ベッドから降りて隠れろ、という意味で言った龍麻だったが、
焦って判断力を失っていたのか、小蒔はあろうことかシーツを引っ掴んで隠れようとした。
「!」
謎の行動にパニックに陥った龍麻は、
それでも小蒔を隠そうと横向きに身体を起こし、急いでシーツを被る。
もう大分楽にはなっていたが、それでも背骨がぐきりと言う嫌な音が確かに聞こえた。
そのまま、今度はあお向けに寝転がろうとすると、背中に柔らかい感触がぶつかる。
龍麻が半身を起こしたことで出来たスペースに、小蒔がハムスターのように潜りこんだのだ。
なるべく目立たないようにしてはいたが、不自然すぎる盛りあがり方は、
カーテンを開けられればすぐにバレてしまう。
半ばやけくそになりながら、龍麻は固唾を飲んで教諭の出方を待った。
「緋勇君、起きてる?」
「はい」
「腰は大丈夫? ……あら? 美里さんと桜井さんは?」
「な、なんか用事があるって出ていきましたけど」
「そう……困ったわね。私もこれからまた出ないといけないんだけど」
「あぁ、いいですよ。もう大分良くなってますし、動けるようになったら一人で帰りますから」
「そう? それじゃ、鍵ここに置いていくから、戸締りだけお願い。
それと、鍵は職員室に戻しておいてね」
本当に急ぎの用事なのか、それとも高校生の男と二人っきりになる状況を避けたのか、
保健の教諭は怪我人に戸締りまで押し付けてさっさと出ていってしまった。
再び扉が閉じる音を聞いても、二人とも身じろぎもしない。
たっぷり三十を数えたところでようやく龍麻が身体をどかすと、
小蒔がシーツの中から飛び出るような勢いで顔を出した。
「ぷはぁっ! ひーちゃん重いよ!」
さっきの賛辞はどこへやら、半ば押し潰されていて呼吸もままならなかった小蒔は
龍麻の肉体に文句をつける。
「何やってんだよお前」
「だって急に先生来たんだからしょうがないじゃない。

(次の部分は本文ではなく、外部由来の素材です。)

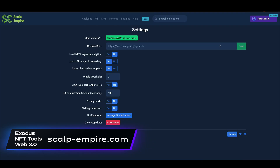Scalp Empire uses the Genesis Go RPC server as a default, but you can add in a custom server for faster sniping in an environment where speed is everything.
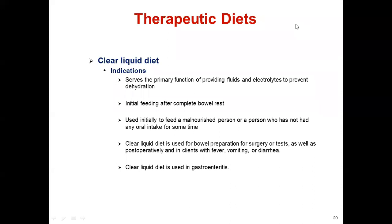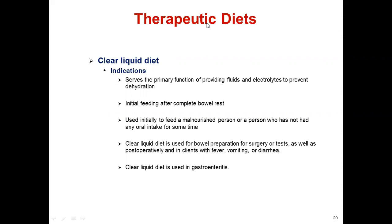A therapeutic diet is usually a modification of a regular diet. We can categorize therapeutic diets as liquid, soft, bland, low-protein content diet, low-sodium content, high-fiber content, low-purine content, or diabetic diet or celiac disease diet.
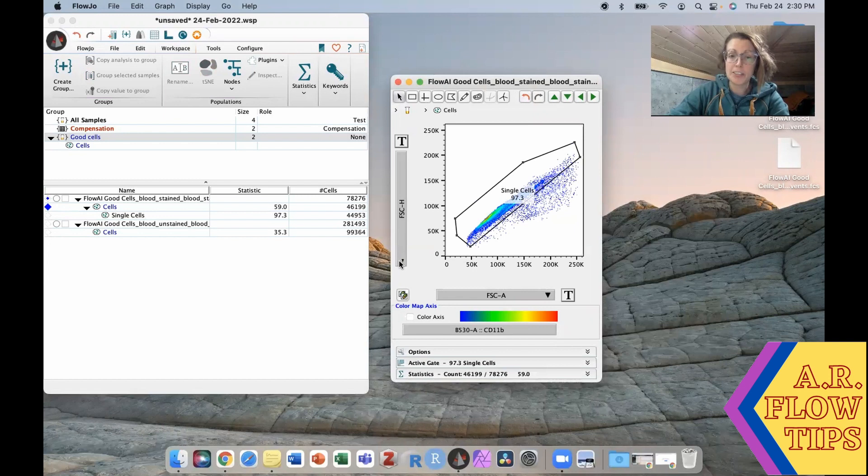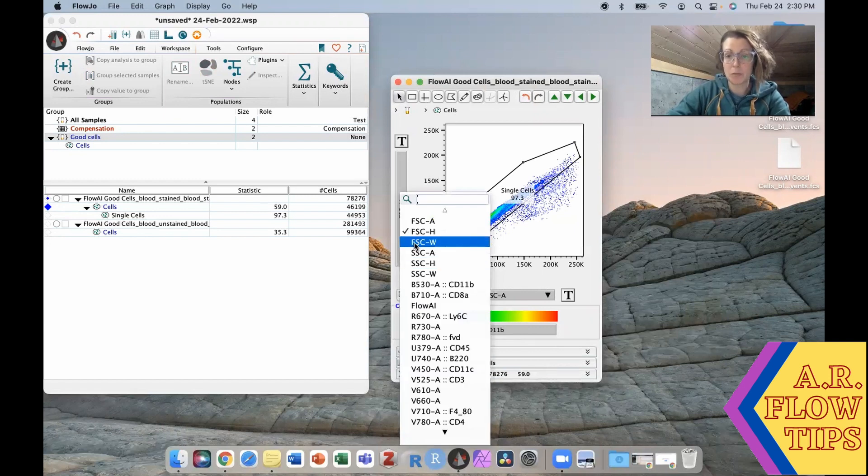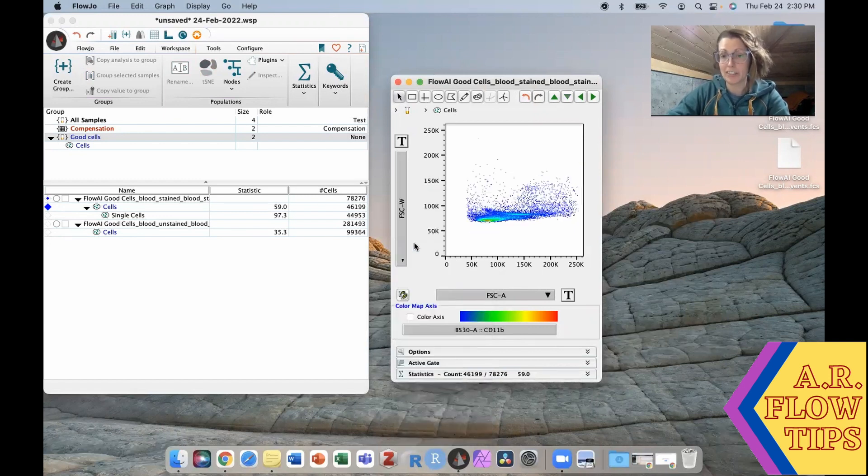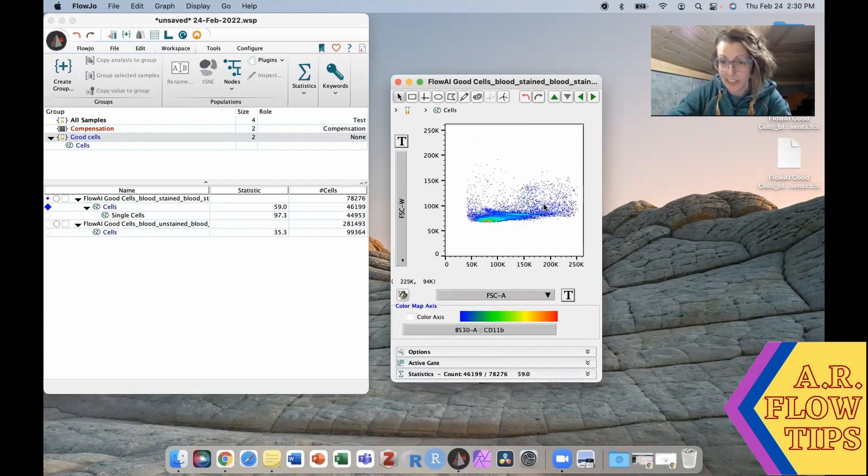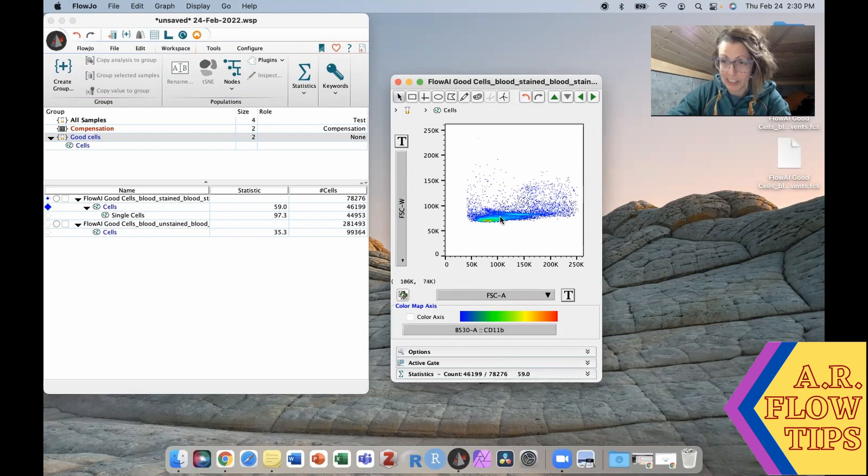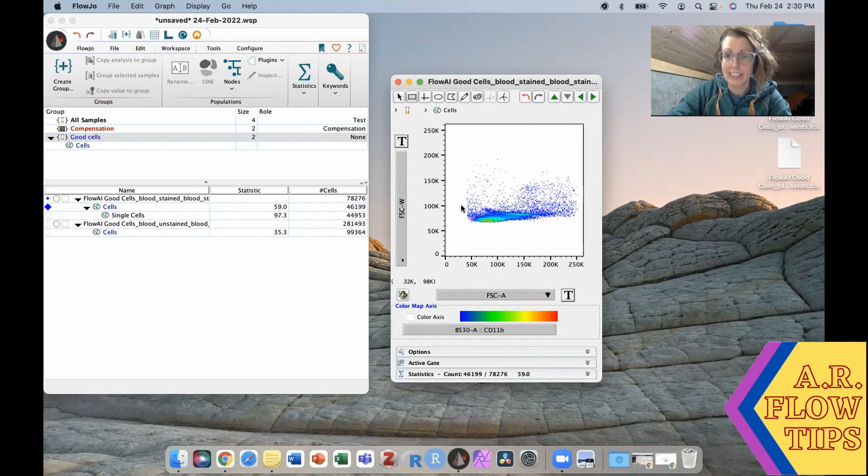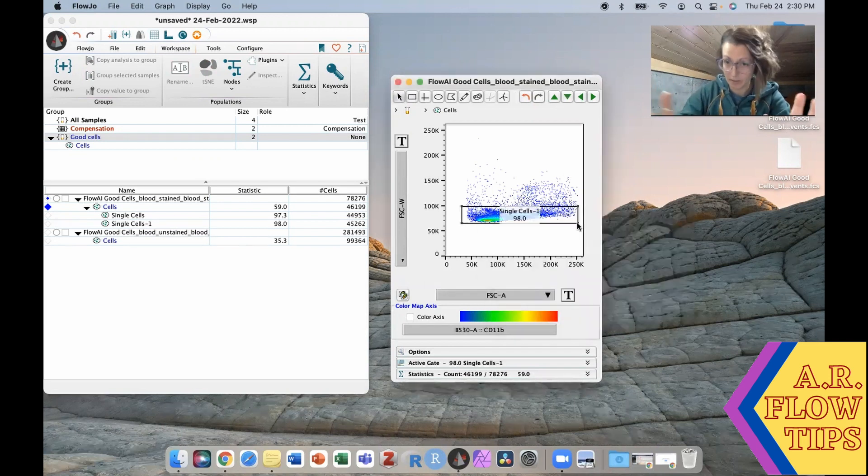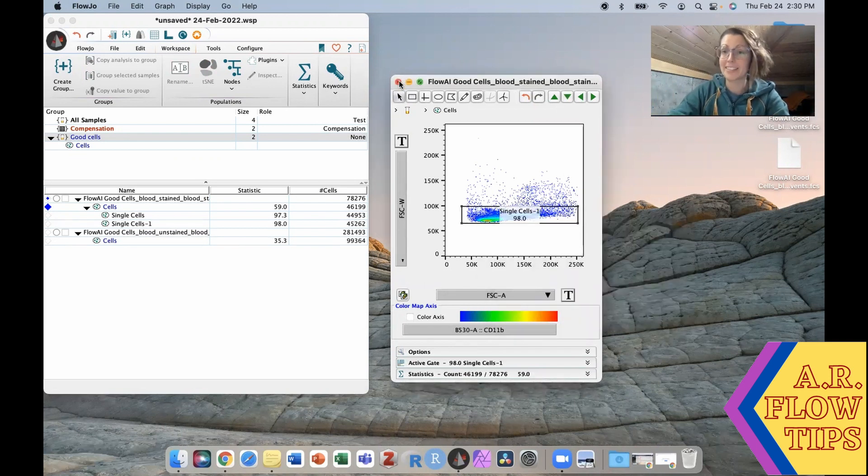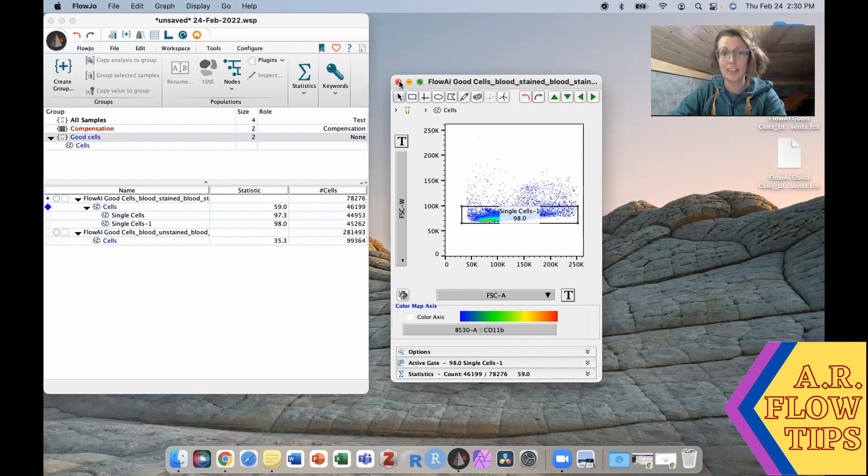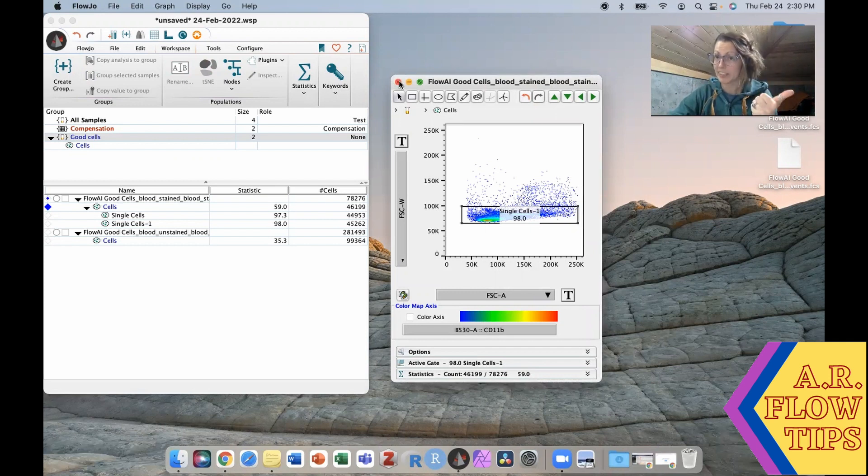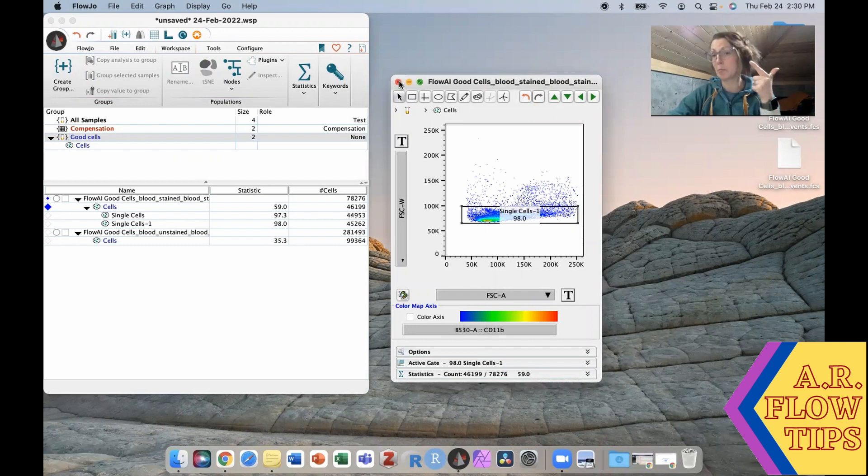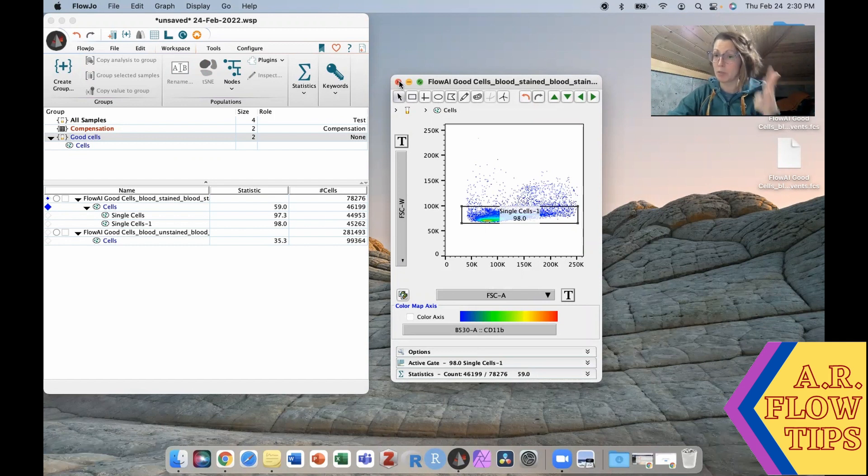You may also see people using forward scatter area versus forward scatter width. In this case the single cells are this population here, doublets are the one above, so you would gate it in that manner. So again whichever one you choose to use. So that's data cleanup number three. Removed bad events with a plugin or a time gate, we removed our debris and our clumps, we removed our doublets.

それに隠れろなんて言うからさ、つい」
やや明るい、茶色がかった髪の毛を乱し、息を止めていたからか、
紅潮している頬を膨らませる小蒔に、龍麻の呼吸はリズムが狂い出す。
「痛てて……無理な姿勢したからまた痛くなってきちまった」
それと悟られないよう、龍麻はベッドの上をごろごろ転がって再びうつぶせになったが、
さっきまでとはどこか違う。
微妙に腰の辺りが盛り上がっているのだ。
「……れ? 何してんの?」
「何が」
「なんかお尻浮いてるよ」
「き、気のせいだろ」
「……はっはーん」
薄い唇に人差し指を当てて間違い探しをしていた小蒔は、
突如現れた謎の隙間にいきなり手を潜り込ませ、巧みな手つきで股間をまさぐる。
そこは予想通り硬く膨れ上がっていた。
「あ、やっぱり」
「しょうがねぇだろ。あんなにぴったりくっついてたら。ていうか離せ」
自分が今どんな格好をしているのか思い至って急に恥ずかしくなった龍麻は強い口調でたしなめる。
ところが、それともやはり、と言うべきか、
悪戯っぽく目を輝かせた小蒔は太腿の上に跨ってきてしまった。
「へへー」
「何だよ」
「しよっか」
屈託の無い笑顔で告げる小蒔に、龍麻は軽い頭痛を覚える。
「小蒔さん」
「何?」
「俺は今、腰を痛めているんですけど」
「へーきへーき。ボクがしてあげるから」
ちったぁ時と場所を考えろ、などと龍麻が柄にもなく思っていると、
はだけたシャツの隙間から手を入れた小蒔は胸板をまさぐり始めてしまった。
「どッ、どこ触ってンだッ!」
「ひーちゃんここ弱いもんね」
「馬鹿、止めろって!」
背後から乳首と下腹を同時に触られて、否応無しにむずむずとした感覚が目覚める。
それに追い討ちをかけるように小蒔が首筋に息を吹きかけてくると、あっさりと龍麻は折れた。
「判った、判ったからちょっと待て」
龍麻が自力で身体を横に立てると、手伝ってあお向けにした小蒔は
そのままのしかかって顔を近づけた。
「エへへッ」
「なんだよ」
「ひーちゃん動けないからさ、なんでも出来るって思うとドキドキするね」
「……なんか、ヘンな事考えてないか?」
「考えてるかも」
更に顔を近づけた小蒔は、龍麻の前髪をかき分けると額に軽く唇を当てた。
そこから鼻、頬、顎と片っ端からキスを浴びせ、顔中に柔らかな跡を残していく。
ごく軽い、甘ったるいキスにむず痒くなった龍麻が顔を擦ろうと腕を上げると、
手首を押さえつけられてしまった。
「駄目だよ……動いたら」
ぞくり、とした律動が龍麻の背中を打つ。
ごく軽く抑えつけているだけの小蒔の掌が、熱い封蝋となって全身を固めてしまう。
更に、枯木のように力無く曲がったままの指の間に指が絡まってくると、
もう龍麻は全身の力を抜き、心地良い服従に身を委ねた。
自我を失ったかのように口を半ば開き、瞼をゆっくりと閉じていく龍麻の顔を、
小蒔は最後まで見ていない。
龍麻がそうなることは、小蒔にとってもう判っていたことだったから。
抑えつけた手首はそのままに、耳の少し手前辺りに唇を貼りつかせたまま、ごく小さな声で囁く。
「──好き」
その言葉を、龍麻は聴覚を通して聞いたのでは無かった。
皮膚を、肉を浸透して緋勇龍麻を形作っているもの全てに直接響いてきたのだ。
「俺も──好きだ、小蒔」
その言葉に、びっくりしたように小蒔が跳ね起きる。
「あ……いや、今のは、その……無意識に……」
髪の色よりも少しだけ濃い茶色を宿した瞳に至近から見つめられ、
自分が何を言ったか気付いた龍麻は、しどろもどろになってこれ以上無い墓穴を掘った。
「ひーちゃん」
「な……なんだよ」
暴れ回る心に必死で手綱をつけて抑えつつ、
怪我の功名ってこういうのを言うのかな、などと考えながら小蒔は口を動かす。